The Lemonheads. A band that were successful though probably not as successful as they should have been. A band that were very much part of the alternative mainstream but always a step away at the same time. So, how come they didn’t quite reach the commercial heights of their contemporaries? Perhaps this was due to their over indulgence of a pop melody and their refusal to play the tortured rock star narrative associated with your Cobains and Corgans? When Nirvana, The Smashing Pumpkins et al were taking over the airwaves at the start of the 1990s, Evan Dando’s band were seen as the pop antidote, and not taken as seriously as a result. Or maybe it was the drugs? By the middle of the decade, tales like the one of Dando being arrested mid acid trip in Sydney airport were being told fairly frequently by the NME. A magazine where, incidentally, the legend goes that Dando had smoked so much crack before one interview that he found himself unable to communicate with the interviewer.
Whatever the reasons, the one thing that remains is the sheer wealth of instant alt-rock/pop classics they have produced. Their thrashy cover of Simon & Garfunkel’s ‘Mrs Robinson’ may have got them noticed originally (that final scene in Wayne’s World 2 anyone?!) but across a series of albums from 1992’s breakthrough ‘It’s a Shame about Ray’ to cult classic ‘Car Button Cloth’ in 1996 the band produced some stunning songs of their own. Now, after playing as The Lemonheads on and off for the last 30 years or so, Dando is back having released a second album of cover versions – Varshons II – and taking these songs and more back on the road for the first time in a decade.
For tonights show, they manage to squeeze in nearly 30 songs into the 80 minute set and despite at times feeling a little like a highlights package – some songs don’t even get a proper ending as the next tune hurtles in – it’s a breathtaking example of the influence they have had on the alternative rock scene.

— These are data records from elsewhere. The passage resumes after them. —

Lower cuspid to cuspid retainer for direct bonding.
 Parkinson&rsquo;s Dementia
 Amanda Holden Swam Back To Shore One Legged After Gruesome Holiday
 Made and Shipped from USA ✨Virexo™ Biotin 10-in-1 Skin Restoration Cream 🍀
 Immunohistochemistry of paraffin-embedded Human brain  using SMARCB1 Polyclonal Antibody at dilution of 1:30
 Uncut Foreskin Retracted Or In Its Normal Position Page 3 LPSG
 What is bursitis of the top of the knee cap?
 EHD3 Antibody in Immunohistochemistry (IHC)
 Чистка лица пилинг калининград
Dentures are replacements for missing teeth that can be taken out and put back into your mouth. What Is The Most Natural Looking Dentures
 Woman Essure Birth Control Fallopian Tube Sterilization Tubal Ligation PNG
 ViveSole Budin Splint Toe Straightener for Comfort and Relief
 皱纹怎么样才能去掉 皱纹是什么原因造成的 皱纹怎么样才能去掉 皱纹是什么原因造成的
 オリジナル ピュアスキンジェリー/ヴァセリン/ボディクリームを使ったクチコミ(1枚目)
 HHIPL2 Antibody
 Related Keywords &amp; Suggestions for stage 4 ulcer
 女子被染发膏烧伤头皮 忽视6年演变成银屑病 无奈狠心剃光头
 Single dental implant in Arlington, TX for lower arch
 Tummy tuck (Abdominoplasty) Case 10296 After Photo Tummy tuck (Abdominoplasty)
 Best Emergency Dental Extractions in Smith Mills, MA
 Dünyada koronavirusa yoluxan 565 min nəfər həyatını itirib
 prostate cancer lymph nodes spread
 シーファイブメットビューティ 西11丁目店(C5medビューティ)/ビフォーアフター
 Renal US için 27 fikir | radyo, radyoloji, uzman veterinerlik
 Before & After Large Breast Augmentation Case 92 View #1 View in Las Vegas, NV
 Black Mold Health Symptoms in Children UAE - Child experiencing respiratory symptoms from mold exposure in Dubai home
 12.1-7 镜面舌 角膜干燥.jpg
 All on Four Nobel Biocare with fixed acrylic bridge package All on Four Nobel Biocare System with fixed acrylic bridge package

Opening with ‘Hospital’ the band don’t let up, going straight into ‘Down About it’ before unleashing other big hitters such as ‘The Great Big No’ and ‘It’s a Shame About Ray’. The band are on form and the buzz in the venue is papable. Looking around there’s many a smile on the faces in the crowd, it’s like nothing has changed – there’s no babysitter at home looking after the kids or the thought of Monday morning in the office, instead it’s 1993 and you’ve been waiting for this gig since you first saw the advert in the Melody Maker.
Dando is a proper icon of that age and although he’s not the most energetic of frontmen – he spends more time looking up at the ceiling then he does interacting with the audience – his voice never falters. It’s lovingly fragile and gritty at the same time and especially shining on the slower acoustic numbers which fill the middle section of the show. In fact, it is this break from the fast-paced nature of the full band experience that turns out to be tonight’s highlight. Starting this section off with the terrific country folk of ‘Outdoor Type’ followed by ‘Frank Mills’ which, fittingly for a tune originally from Hair the musical, is greeted by the night’s biggest sing-a-long moment from the crowd.
The rest of the band come back on stage and it’s time for the third and final part of the set. ‘Being Around’ is greeted like an old friend and again the crowd are also in good voice whilst ‘My Drug Buddy’ – arguably Dando’s finest song – again reminds us just what an instrument his voice is in its own right. Sadly for me they don’t play a couple of my personal favourites – ‘Big Gay Heart’ and ‘If I could talk I’d tell you’ in particular but set closer ‘Into your Arms’ certainly makes up for it, reminding us of Dando’s canny knack for beautiful maudlin melody and emotional heartfelt lyrics. It’s a special ending to a special show.